• Exercise brief:
Pictures are to be left out, and only the lines from the one with "Next, let's see" through the last line of the listing below are to be repeated exactly.

• Given records:
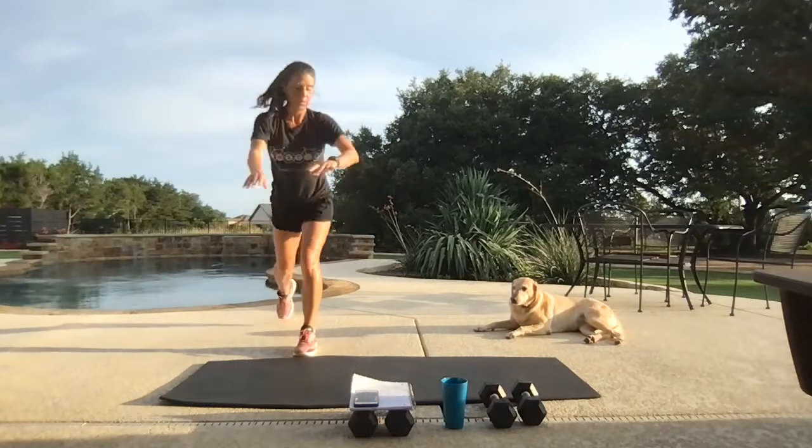Bear crawl position — forward for four, backwards for four. Knees up underneath you, body stays level. Try to keep that rear lowered.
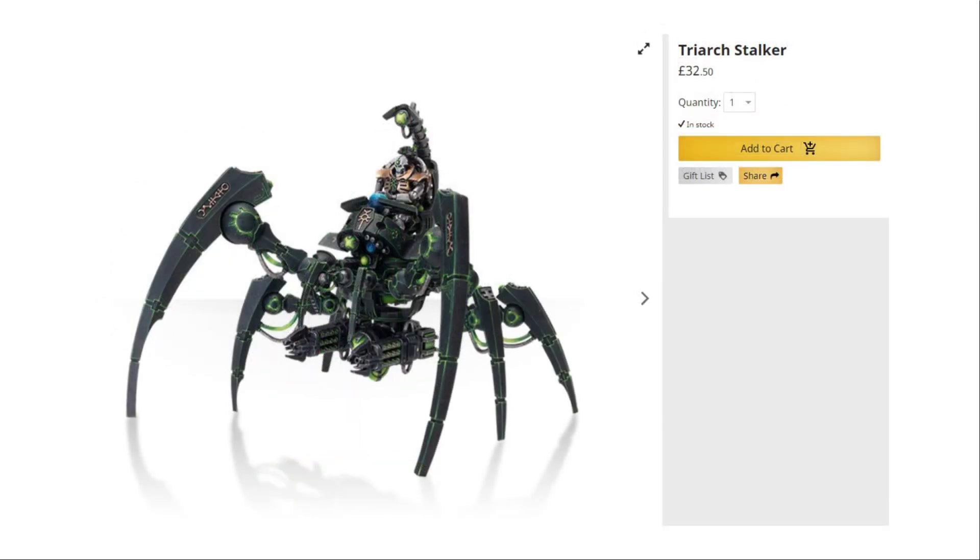Sticking with the elites slot, we've got a Triarch Stalker, which comes with three different weapon options — again, I've magnetised mine, and there'll be a link to the magnetising tutorial in the description below. I'm loving the Triarch Stalker still in ninth edition; it has changed slightly with the gun options but it's still very usable, and the targeting relay is also very useful. Thumbs up for the Triarch Stalker in this set.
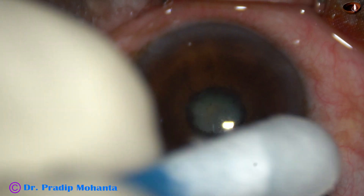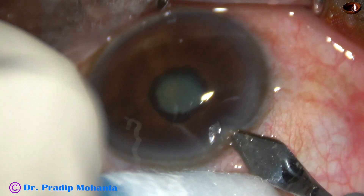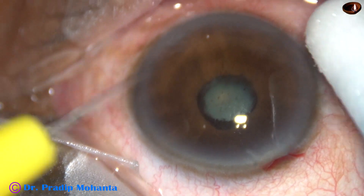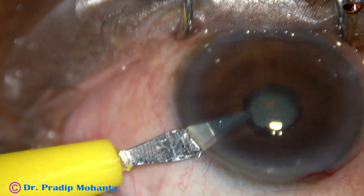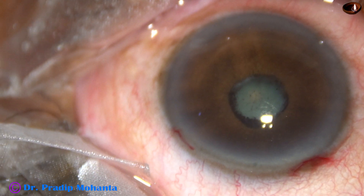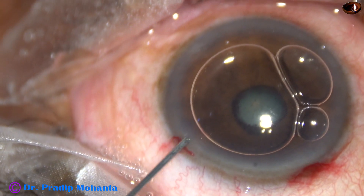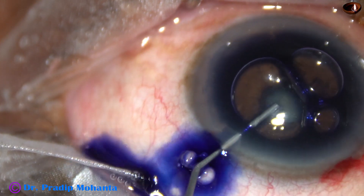This is a cataract with 360 degree posterior synechia — we can call it oculotio-pibli. In oculotio-pibli, the intraocular pressure should be high, but in this case the intraocular pressure is only 8 mm of mercury. Ultrasonography shows total retinal detachment, so the cause of low intraocular pressure with 360 degree posterior synechia is because of the total retinal detachment. I have taken up this case for cataract surgery because the patient has to undergo retinal detachment surgery.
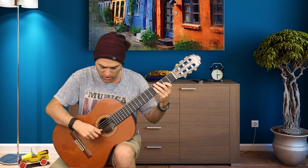Tip number three: try playing your tremolo — thumb, ring, middle, index — all on a single string, to make sure you have good space and coordination with your right hand.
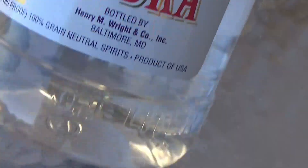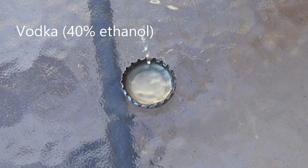Next, let's see how lithium reacts with vodka containing 40% ethanol.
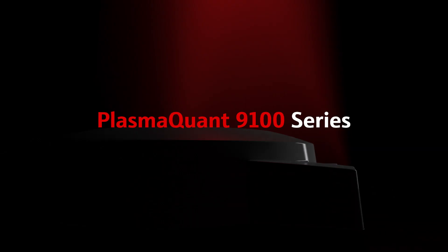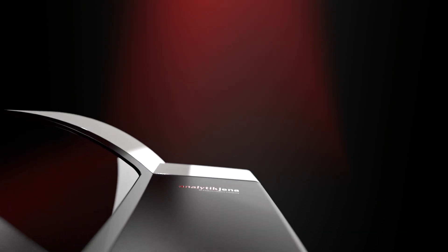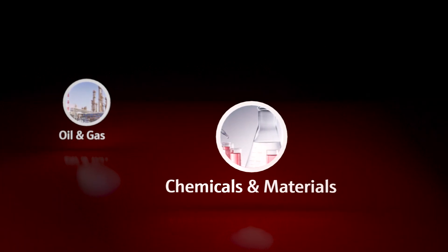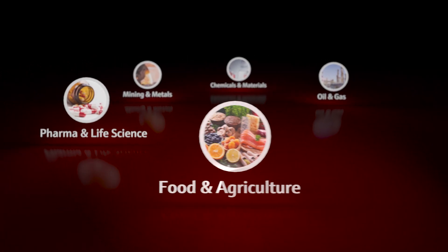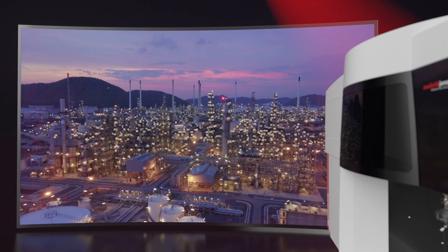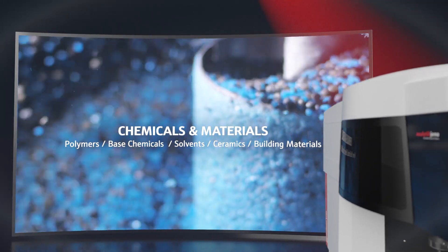Reveal the details that matter with the PlasmaQuant 9100 ICP-OES. The PlasmaQuant 9100 delivers the most accurate and precise elemental information in any sample type, including your most delicate applications. Ensure highest product quality and process efficiency with regulation compliance across many industry segments with this high-performance ICP-OES.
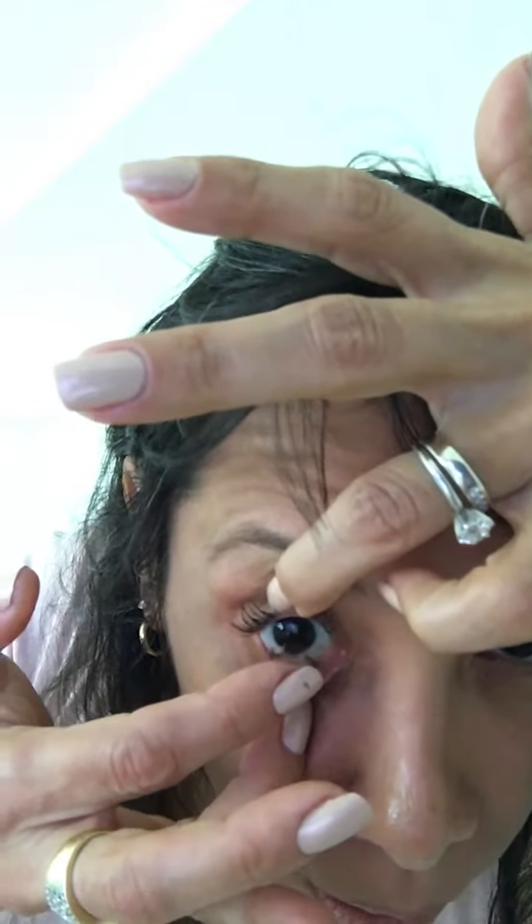Insert your contact lenses before applying makeup by lowering your gaze, lifting up and grabbing the upper lid, holding the lower lid, raising your eye, and placing it on the white part of the sclera. Then move your eye down, left, and right until the bubble disappears and the contact lens is in the eye.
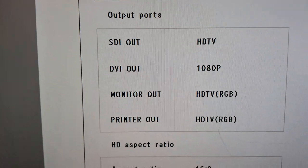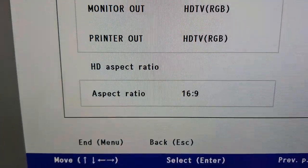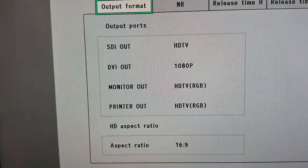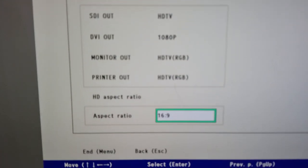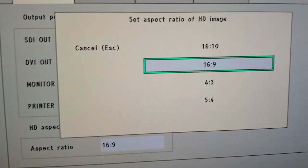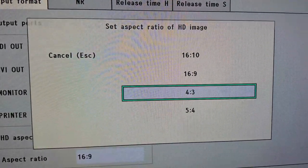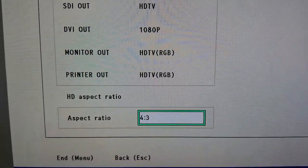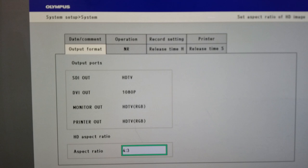You are greeted with this selection, and look down here — Aspect Ratio: 16 by 9. There is the problem. Scroll down, hit Enter, go down one, and select 4 by 3. Now we have 4 by 3 set in this system menu.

• Exercise output:
Next, let's see how lithium reacts with vodka containing 40% ethanol.
Reveal the details that matter with the PlasmaQuant 9100 ICP-OES. The PlasmaQuant 9100 delivers the most accurate and precise elemental information in any sample type, including your most delicate applications. Ensure highest product quality and process efficiency with regulation compliance across many industry segments with this high-performance ICP-OES.
Insert your contact lenses before applying makeup by lowering your gaze, lifting up and grabbing the upper lid, holding the lower lid, raising your eye, and placing it on the white part of the sclera. Then move your eye down, left, and right until the bubble disappears and the contact lens is in the eye.
You are greeted with this selection, and look down here — Aspect Ratio: 16 by 9. There is the problem. Scroll down, hit Enter, go down one, and select 4 by 3. Now we have 4 by 3 set in this system menu.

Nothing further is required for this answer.